1. zaten piyasadaki öğretmenler yeter de artar bile ne de olsa sınava giren öğretmen olabiliyor artık durdursunlar bir zahmet.
  2. özellikle edebiyat, tarih, fizik gibi ihtiyacın az olduğu branşlarda en azından bekleyenler eritilene kadar yapılması gerekir. birde şu ısrarla emekli olmayan hocaların artık gençlerin önünü açması gerekiyor ki bu da ancak emekli maaşlarının iyileştirilmesiyle sağlanabilir.
  3. doğru düzgün kalkınma planı olmayan devletin, eğitim anlamında strateji üretemeyen hükûmetin yapabileceğine hiç ihtimal vermediğim olay. yıllardır devlet insanların ağzına bir parmak bal çalıyor, kalanını kendisi yiyor. amacından tamamen saptırılan fen-edebiyat fakülteleri var elimizde, her yana açılan eğitim fakülteleri var. aslında çok da farkları yok. son sene bir formasyon ver hop insanlar fen-edebiyattan bir anda eğitim fakülteli gibi mezun olsun. sonra hep birlikte bir çarkın içinde dönüp dursunlar. yanlış anlaşılmasın eğitim fakültesi mezunlarına da fen-edebiyat fakültesi mezunlarına da asla lafım yok. devletin planlama hatasına lafım var.

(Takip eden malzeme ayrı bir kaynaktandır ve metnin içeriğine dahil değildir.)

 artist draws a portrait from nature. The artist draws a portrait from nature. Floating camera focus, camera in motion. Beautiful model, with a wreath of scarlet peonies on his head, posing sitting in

    18 yaşına gelen ve liseyi bitiren herkesi üniversite okumaya teşvik etmek devletin işine geliyor. sonuçta o insanların işsizlik göstergeleri 4 sene daha ötelenmiş oluyor. bu 4 sene içinde o insanlar şehir değiştiriyorlar, ev tutuyorlar, yurtta kalıyorlar, eğitimleri ve eğlenceleri için türlü masraflar yapıyorlar. hepsi de ekonomiye akıyor. hepsi de kazanç olarak dönüyor piyasaya. hem sermaye kazanıyor hem de devlet. win-win durumu var yani. ezilen tabii ki yine halk oluyor. ardından o 4 sene biterken formasyon verip umudu aşılıyorsun öğrenciye. 20-30 kişi alınacak bir bölüm bile olsa insanlar yığınlar halinde kitaplar alıyor, kpss kurslarına gidiyor. hepsi farklı bir sektör oluşturmuş. hepsi insanların cebinden çıkan paralarla geçiniyor. öğrenci o umut için harcıyor, o umut için emek sarf ediyor. elde ne var? atanamayan on binler ve onların yıkılan umutları. gelişmişlik endekslerinde bir süre daha iyi görünebilmek için tepelerine binilen insanlar, emekleri ve paraları çar çur edilen ana-babalar, maalesef uzun vadede kaybettiğimiz nesiller... kuzenim atanabilmek için 3-4 sene çabaladı. sağlığı bozuluyordu artık. en sonunda atandı ve aslında gördük ki sağlığı bozulmuş. 2.5 senedir filan memurluk yapıyor. psikolojisi hiç iyi değil. bir ayağı sürekli psikologda. ilaçlarla ayakta duruyor. sadece devlet umut verdi diye bu hale geldi. ha ben demiyorum ki devlet herkese istisnasız istihdam yaratsın. bu mümkün değil zaten. ancak her yerde işletme, iktisat, kamu yönetimi, maliye vb. bölümler açarak, fen-edebiyat fakültelerini ülkenin her yerine doldurarak bu insanlara şişirilmiş kontenjanlar açmasınlar üniversite öğrenciliği için. şişirilmiş kontenjanların hepsi umut olarak büyüyüp hayal kırıklığı olarak ölüyor.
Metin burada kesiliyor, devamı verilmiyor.